Hrb loss increases surface CD71 and is required for efficient transferrin uptake. Hrb is important for the internalization of cell surface VAMP7 and delivery to the lysosomal membrane (11) and efficient clathrin-dependent endocytosis (12). The TfR (CD71) is a well-known substrate for clathrin-dependent endocytosis (1922), and its endocytosis and trafficking are critically important for its essential role in cellular uptake of iron in the form of holo-transferrin. Intriguingly, transferrin and TfR have both been implicated in thymocyte development (2325) and TfR has been found to be elevated on immature cycling thymocytes (26) and leukemias (27, 28). Therefore, we asked whether Hrb might participate in regulation of CD71 in the context of oncogenic Notch signaling. DN thymocytes cultured on OP9DL1 cells were transduced with control or ICN1-expressing retrovirus and cultured for 5 days. CD71 at the cell surface detected by flow cytometry after antibody staining revealed several important findings. First, DN cells had higher levels of CD71 than subsequent developmental stages, consistent with their high rates of proliferation (29). Furthermore, ICN1 expression induced higher levels of CD71 at each developmental stage (Figure 6A). The most striking finding was that Hrb–/– cells, either with or without ICN1, had higher surface CD71 than Hrb+/+ cells (Figure 6A). Hrb–/– BM hematopoietic precursors transduced with ICN1 also expressed significantly higher surface CD71 compared with WT controls (Figure 6B). The high levels of surface CD71 in knockout cells was reduced to WT levels with reexpression of Hrb.
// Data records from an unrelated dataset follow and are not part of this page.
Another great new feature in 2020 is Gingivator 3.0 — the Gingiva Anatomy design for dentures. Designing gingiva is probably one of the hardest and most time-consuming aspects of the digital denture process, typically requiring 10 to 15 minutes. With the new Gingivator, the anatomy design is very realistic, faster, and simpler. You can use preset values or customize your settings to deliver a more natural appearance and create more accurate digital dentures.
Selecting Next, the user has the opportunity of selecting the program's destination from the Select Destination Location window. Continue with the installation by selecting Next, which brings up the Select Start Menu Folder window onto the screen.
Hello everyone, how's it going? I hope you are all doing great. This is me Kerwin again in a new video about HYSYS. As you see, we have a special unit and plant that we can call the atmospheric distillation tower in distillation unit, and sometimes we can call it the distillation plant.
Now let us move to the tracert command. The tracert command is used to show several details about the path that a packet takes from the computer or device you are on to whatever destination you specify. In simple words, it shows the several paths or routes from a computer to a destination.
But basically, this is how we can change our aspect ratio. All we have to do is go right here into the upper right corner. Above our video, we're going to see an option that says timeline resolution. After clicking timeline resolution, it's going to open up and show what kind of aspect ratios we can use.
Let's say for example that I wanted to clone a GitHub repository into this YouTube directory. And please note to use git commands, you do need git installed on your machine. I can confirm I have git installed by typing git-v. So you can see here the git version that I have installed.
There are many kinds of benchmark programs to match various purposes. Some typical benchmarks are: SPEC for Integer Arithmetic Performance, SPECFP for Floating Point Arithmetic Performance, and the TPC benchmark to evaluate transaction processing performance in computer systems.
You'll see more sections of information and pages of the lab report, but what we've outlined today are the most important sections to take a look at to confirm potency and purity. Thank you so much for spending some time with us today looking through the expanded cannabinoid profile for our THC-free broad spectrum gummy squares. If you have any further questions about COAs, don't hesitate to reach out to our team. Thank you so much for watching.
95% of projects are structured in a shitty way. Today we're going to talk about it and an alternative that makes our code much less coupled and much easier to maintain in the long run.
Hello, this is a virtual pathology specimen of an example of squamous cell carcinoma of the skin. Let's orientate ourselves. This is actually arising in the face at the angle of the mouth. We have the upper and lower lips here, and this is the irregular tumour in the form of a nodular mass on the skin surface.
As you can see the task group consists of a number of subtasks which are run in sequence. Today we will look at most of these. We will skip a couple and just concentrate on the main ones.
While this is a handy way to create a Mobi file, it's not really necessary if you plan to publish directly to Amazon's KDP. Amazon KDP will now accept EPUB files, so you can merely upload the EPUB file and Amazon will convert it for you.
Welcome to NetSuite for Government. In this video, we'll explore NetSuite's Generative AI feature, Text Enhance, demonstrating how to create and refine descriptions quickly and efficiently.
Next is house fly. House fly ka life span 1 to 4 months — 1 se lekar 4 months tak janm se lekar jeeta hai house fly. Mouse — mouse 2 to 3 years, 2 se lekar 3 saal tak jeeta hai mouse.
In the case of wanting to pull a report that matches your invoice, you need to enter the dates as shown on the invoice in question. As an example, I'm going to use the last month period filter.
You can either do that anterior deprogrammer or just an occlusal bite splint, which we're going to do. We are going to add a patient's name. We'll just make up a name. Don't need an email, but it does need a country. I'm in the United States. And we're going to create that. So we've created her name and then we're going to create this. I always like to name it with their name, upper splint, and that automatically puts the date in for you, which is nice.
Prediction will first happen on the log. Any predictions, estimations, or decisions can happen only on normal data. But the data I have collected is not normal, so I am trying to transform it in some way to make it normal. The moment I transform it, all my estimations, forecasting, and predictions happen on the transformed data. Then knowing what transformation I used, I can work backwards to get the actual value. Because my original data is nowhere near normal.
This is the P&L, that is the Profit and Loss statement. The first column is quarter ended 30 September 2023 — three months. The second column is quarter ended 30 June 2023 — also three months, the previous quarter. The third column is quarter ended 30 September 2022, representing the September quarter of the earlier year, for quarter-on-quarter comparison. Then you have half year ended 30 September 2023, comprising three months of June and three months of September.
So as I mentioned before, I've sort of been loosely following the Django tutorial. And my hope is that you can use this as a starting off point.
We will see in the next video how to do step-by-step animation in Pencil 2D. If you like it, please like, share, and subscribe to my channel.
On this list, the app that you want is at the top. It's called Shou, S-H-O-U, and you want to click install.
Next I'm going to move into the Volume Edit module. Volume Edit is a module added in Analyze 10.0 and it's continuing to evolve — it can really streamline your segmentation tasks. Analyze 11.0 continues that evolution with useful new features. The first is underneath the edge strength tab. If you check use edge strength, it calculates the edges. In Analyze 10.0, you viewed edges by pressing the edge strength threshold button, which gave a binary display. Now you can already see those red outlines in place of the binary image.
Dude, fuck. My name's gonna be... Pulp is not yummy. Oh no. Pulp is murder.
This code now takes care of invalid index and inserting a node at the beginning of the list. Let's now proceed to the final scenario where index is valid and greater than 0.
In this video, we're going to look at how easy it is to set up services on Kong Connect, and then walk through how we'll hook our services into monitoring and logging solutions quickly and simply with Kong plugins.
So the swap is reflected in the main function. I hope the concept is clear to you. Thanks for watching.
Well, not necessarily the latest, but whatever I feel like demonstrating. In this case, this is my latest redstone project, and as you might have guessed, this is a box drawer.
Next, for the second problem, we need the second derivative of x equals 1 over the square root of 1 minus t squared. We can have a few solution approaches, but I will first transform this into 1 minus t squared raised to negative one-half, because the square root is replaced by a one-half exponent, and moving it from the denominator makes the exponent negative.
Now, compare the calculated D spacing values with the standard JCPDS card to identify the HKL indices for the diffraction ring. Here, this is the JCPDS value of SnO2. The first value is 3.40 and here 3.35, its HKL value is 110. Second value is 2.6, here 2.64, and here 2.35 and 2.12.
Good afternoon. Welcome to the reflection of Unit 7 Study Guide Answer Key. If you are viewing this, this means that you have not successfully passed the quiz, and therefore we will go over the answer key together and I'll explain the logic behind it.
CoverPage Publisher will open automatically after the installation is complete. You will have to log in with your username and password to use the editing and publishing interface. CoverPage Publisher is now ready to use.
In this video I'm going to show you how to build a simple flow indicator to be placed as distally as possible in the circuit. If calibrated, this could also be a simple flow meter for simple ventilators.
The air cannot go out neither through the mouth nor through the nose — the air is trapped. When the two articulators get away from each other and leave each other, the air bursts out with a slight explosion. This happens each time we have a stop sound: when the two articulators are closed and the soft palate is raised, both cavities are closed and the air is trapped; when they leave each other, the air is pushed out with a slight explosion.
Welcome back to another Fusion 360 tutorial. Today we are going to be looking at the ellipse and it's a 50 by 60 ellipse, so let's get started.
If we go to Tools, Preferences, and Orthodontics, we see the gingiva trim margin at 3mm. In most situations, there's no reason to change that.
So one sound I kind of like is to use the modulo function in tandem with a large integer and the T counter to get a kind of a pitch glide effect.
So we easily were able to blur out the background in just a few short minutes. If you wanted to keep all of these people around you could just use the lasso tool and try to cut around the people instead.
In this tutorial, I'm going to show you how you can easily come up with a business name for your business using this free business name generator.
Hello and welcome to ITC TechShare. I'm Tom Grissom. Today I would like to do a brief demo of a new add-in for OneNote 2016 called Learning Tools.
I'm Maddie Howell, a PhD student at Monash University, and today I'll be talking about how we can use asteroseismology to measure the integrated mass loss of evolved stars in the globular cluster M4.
Hrb loss leads to increased surface TfR (CD71) and inefficient transferrinFigure 6

Hrb loss leads to increased surface TfR (CD71) and inefficient transferrin uptake in the context of oncogenic Notch signaling. (A) Surface levels of TfR (CD71) on Hrb+/+ and Hrb–/– MigR1– and ICN1–transduced thymocytes cocultured on OP9DL1 stromal beds. (B) Surface levels of CD71 on Hrb+/+ and Hrb–/– MigR1– and ICN1–transduced hematopoietic precursor cells cocultured on OP9 stromal beds. (C) Uptake of 10 μg/ml Alexa Fluor 647–conjugated transferrin in Hrb+/+ and Hrb–/– MigR1– and ICN1–transduced DP thymocytes. (D) Uptake of Alexa Fluor 647–conjugated transferrin (0–50 μg/ml) in Hrb+/+ and Hrb–/– MigR1– and ICN1–transduced DP thymocytes. Uptake experiments repeated several times with representative graphs shown here. Each point on the curves represents an independently transduced well in the experiment. (E) Hrb+/+ and Hrb–/– ICN1–transduced GFP-positive hematopoietic precursors with and without holo-Tf addition. (F) Surface CD71 levels on GFP-positive Hrb+/+ and Hrb–/– ICN1–transduced hematopoietic precursors treated as in panel E. (EF) Hrb+/+ and Hrb–/– 10 μg/ml holo-Tf samples were compared with respective 0 μg/ml holo-Tf samples. (G) Western blot of lysates prepared from Hrb+/+ and Hrb–/– MigR1–transduced thymocytes and Hrb+/+ and Hrb–/– ICN1–transduced thymocytes grown on OP9DL1 cocultures in the presence of increasing concentrations of holo-Tf. Lysates blotted for TfR: short exposure (top); longer exposure (bottom); and actin (loading control). DN, CD4CD8 DN; CD8 ISP, CD4CD8+ ISP; DP, CD4+CD8+ DP. Data are shown as mean ± SD. *P < 0.05; **P < 0.01; ***P < 0.001.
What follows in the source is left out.